= Textile Fiber Products Identification Act =

Consumer protection act in the United States

Federal Trade Commission Official Seal

Textile Fiber Products Identification Act is a consumer protection act in the United States. The act protects the interest of producers and consumers by imposing regulations of labelling (the mandatory content disclosure) and advertising of textile products. The act specifies labeling requirements and numerous guidelines for the advertising of textile products that should qualify the compliance in accordance with the directions in the act. The Federal Trade Commission considers any form of misbranding to be illegal. Moreover, it also requires that the commission provide a generic name for each man-made fibre, in particular for those not yet named. "Natural" and "manufactured" fibers were among two major groups classified by the act, which also maintains a list of generic names that is updated with each new entrant.

== Scope ==
The Textile Fiber Products Identification Act concerns all textile fiber products other than wool, which is already governed by the Wool Product Label Number.

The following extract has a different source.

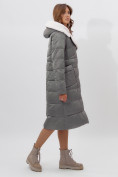 Оптом Пальто утепленное женское зимние серого цвета 112268Sr в Екатеринбурге, фото 9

The law prevents misinformation about the fiber content, misbranding, and any unfair advertising practice and compel to function in a certain way. The act specifies the requirement of textile products such as guidelines about labelling, tagging, Country of origin, fiber designation etc. The act also covers the manufacturers and marketers of the textile products.

==Sections in the act==

Congress 85th passed this legislation on 2 September 1958, but it came into force in 1960. The act has a number of sections that set out regulations for different segments.

- Section 70 of the act defines various definitions of textile manufacturing and marketing, such as fibre, natural fibres, artificial fibres and many other trade-related ensembles.
- Section 70a of the act is about inadmissibility of misbranding.
- Section 70b of the act stops false advertising practices.
- Section 70c of the act guides about illegality of removal of stamp, tag, label, or other identification.
- Section 70d of the act is emphasis on record keeping.
- Section 70e of the act is all about the enforcements.
- Section 70f of the act refers to the injunction proceedings.
- Section 70g of the act applies exclusion of misbranded textile fiber products.
- Section 70h of the act clarifies about guaranty policy.
- Section 70i of the act lays down criminal penalty.
- Section 70j of the act specify Exemptions.
- Section 70k of the act states application of other laws.

== Terminology==
The Textile Fiber Products Identification Act provides a set of terminology that defines "what is to be called what" while communicating in the textile product trade.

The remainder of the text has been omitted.